According to the World Trade Organization, before the Trump tariffs were put in place, the U.S. had an average tariff of 3.4%. Canada had an average tariff of 4.0%, the EU 5.1%, Mexico 6.9%, China 9.8%, and South Korea 13.7% - all higher than the U.S., which means the playing field was tilted in favor of foreign countries. The U.S. was subsidizing them.
In 1993, America lifted its federal corporate tax rate to 35%, from 34%. When combined with state and local corporate taxes, the average rate was 38.9% and held there until the Trump tax cut in 2017. In 1993, the average worldwide corporate tax rate was roughly 33% (about 6 percentage points below the U.S.) and by 2017, the average had fallen to 23% (about 16 points below the U.S.). In other words, at the margin, businesses looking to invest globally had an incentive to invest outside of America.
The slowing of energy production in America became a direct subsidy to those who produce energy. Russia, Saudi Arabia and the Middle East, Venezuela and Mexico all benefited as the U.S. bought most of its crude oil from overseas.
But things have changed – in a huge way. The geopolitical implications of this are coursing through the world right now. In some places, like Venezuela, it’s an economic crisis. In others, like China, it’s reflected in slowing economic growth. And if anyone doesn’t understand the relationship between fracking and the fact that women in Saudi Arabia will be allowed to drive, they aren’t thinking hard enough.
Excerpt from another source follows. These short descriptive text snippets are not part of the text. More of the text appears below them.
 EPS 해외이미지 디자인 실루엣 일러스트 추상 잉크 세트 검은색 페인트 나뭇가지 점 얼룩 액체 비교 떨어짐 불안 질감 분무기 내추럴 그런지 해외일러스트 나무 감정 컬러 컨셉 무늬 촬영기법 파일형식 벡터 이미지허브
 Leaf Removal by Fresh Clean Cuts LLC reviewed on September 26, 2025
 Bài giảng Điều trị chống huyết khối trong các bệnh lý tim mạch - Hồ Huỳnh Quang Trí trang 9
But, more to the point, cutting the U.S. corporate tax rate to 21% and boosting tariffs on select countries and products is removing a huge subsidy to growth for the rest of the world. The U.S. is the dominant economy in the world and when it stops subsidizing foreign countries, who have not followed free market principles, economic pain spreads.
The U.S. has become not only the largest producer of petroleum products in the world, but a net exporter to some regions. And output keeps going up. This is altering the balance of world power in a huge way.
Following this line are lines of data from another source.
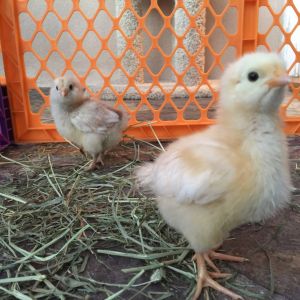 Buttercup & Daisy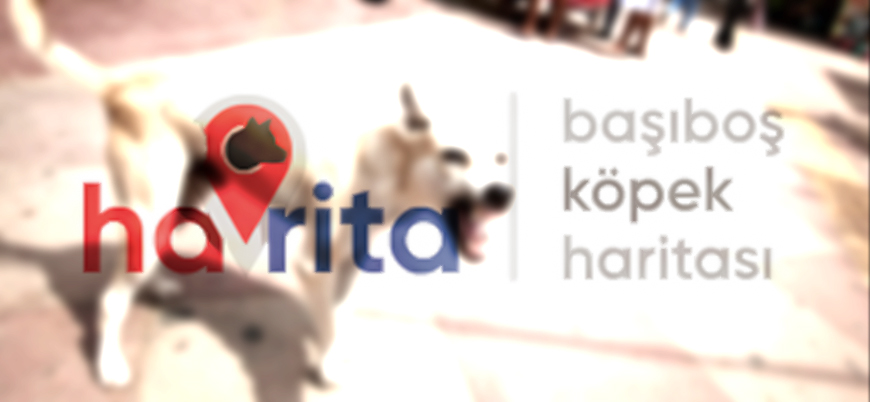 Başıboş köpek tehlikesine karşı kurulan 'Havrita'ya erişim engeli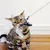 MCBOSON Katzen-Schnurrstab mit Holzgriff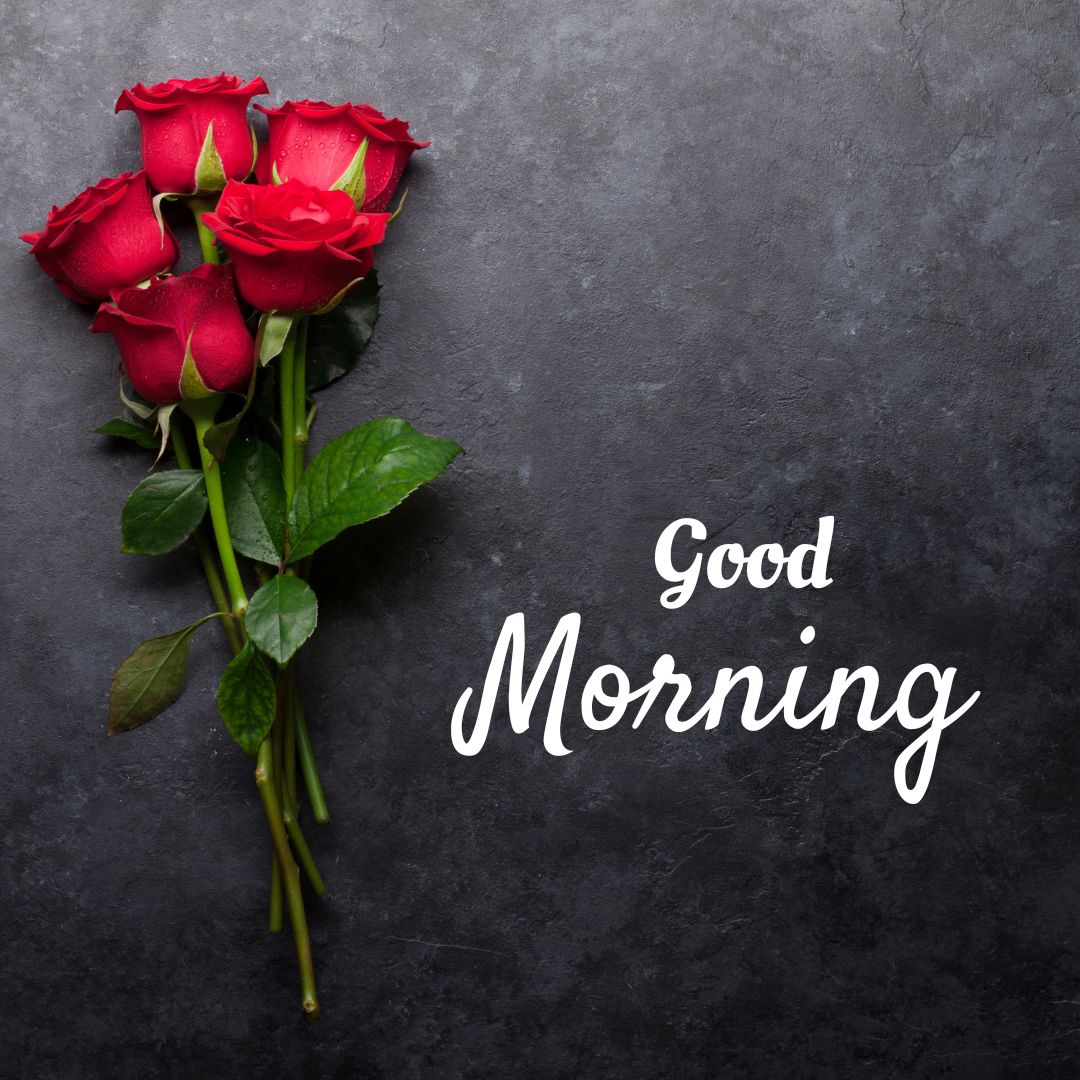 Romantic Good Morning Rose Images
The impact of all this is to put pressure on other countries to come back to the table and talk about more equal trade. It also forces countries that previously were able to have high income tax rates, huge government budgets, and lots of red tape to rethink their fiscal policies. The global establishment have never been under attack like they are today. The world order is changing for the better.
This means the U.S. economy and its stock markets are in better shape relative to others. However, if these pressures really do lead to more freedom and less political interference in economic activity, the world could end up seeing a boom like it did in the 1980s, when Reagan’s tax cuts led other countries to follow suit.
While news shifts rapidly, the pressures we outlined above already seems to have pushed Europe, Mexico, Canada, and China to negotiate on trade. We think this will eventually lead to lower tariffs, not a full-blown trade war. After all, because the U.S. is removing a subsidy to these countries, their growth will suffer relatively more. They have an incentive to follow better policies.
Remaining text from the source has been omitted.